Guéant, who is already in jail over a separate offence, was handed a one-year prison sentence by a court in Paris on Friday, with a requirement to serve a minimum of eight months.
Writer and one-time Sarkozy advisor Patrick Buisson was handed a two-year suspended sentence and a €150,000 fine, while former cabinet director Emmanuelle Mignon was given a six-month suspended sentence.
Former pollster and consultant Pierre Giacometti was also convicted and handed a six-month suspended sentence and a fine of €70,000.
They were accused of ordering polls for Sarkozy in secret and without competition, breaking French laws on public financing that require transparency and competitive bidding.

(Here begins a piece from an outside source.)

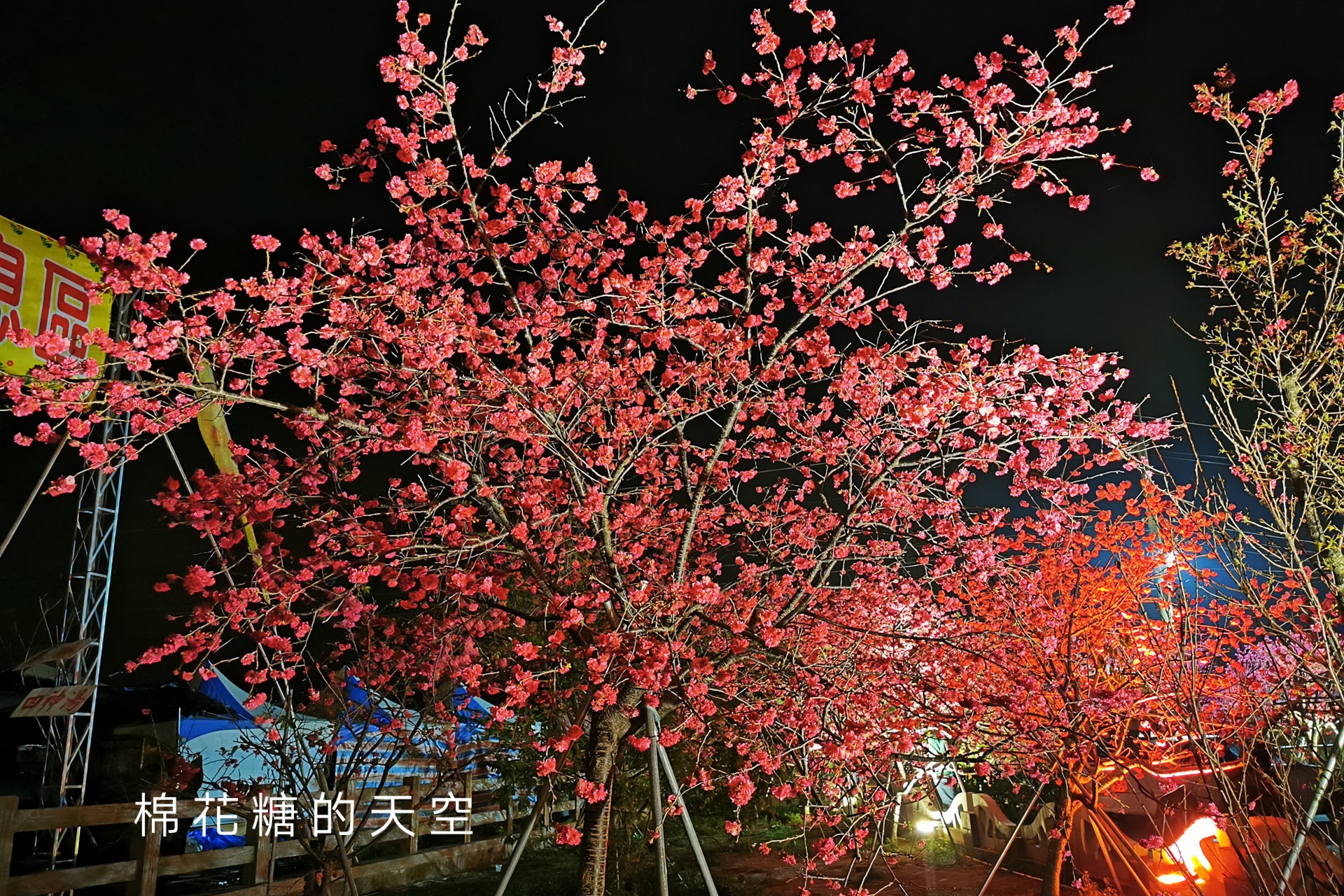 台中櫻花這裡不能錯過！泰安派出所夜櫻更美更浪漫～滿開中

Former Sarkozy aide Julien Vaulpré was the only one of the five accused to be cleared.
Sarkozy was not targeted directly and had refused to testify as a witness until compelled to do so by a judge.
In September last year, a separate court handed Sarkozy a one-year prison sentence for illegal financing of his 2012 re-election bid, seven months after he received a jail term for corruption.

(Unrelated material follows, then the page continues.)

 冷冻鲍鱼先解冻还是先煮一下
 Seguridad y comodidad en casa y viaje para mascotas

The 66-year-old, who is appealing both of those convictions, has also been charged over suspicions he received millions of euros for his 2007 election campaign from the late Libyan dictator Muammar Kadhafi.
Guéant, 77, was jailed in December after he was found to have failed to pay a fine and damages to the state relating to a previous sentence, handed down in 2017, for operating a suspected slush fund.
He immediately announced an appeal against Friday’s sentence.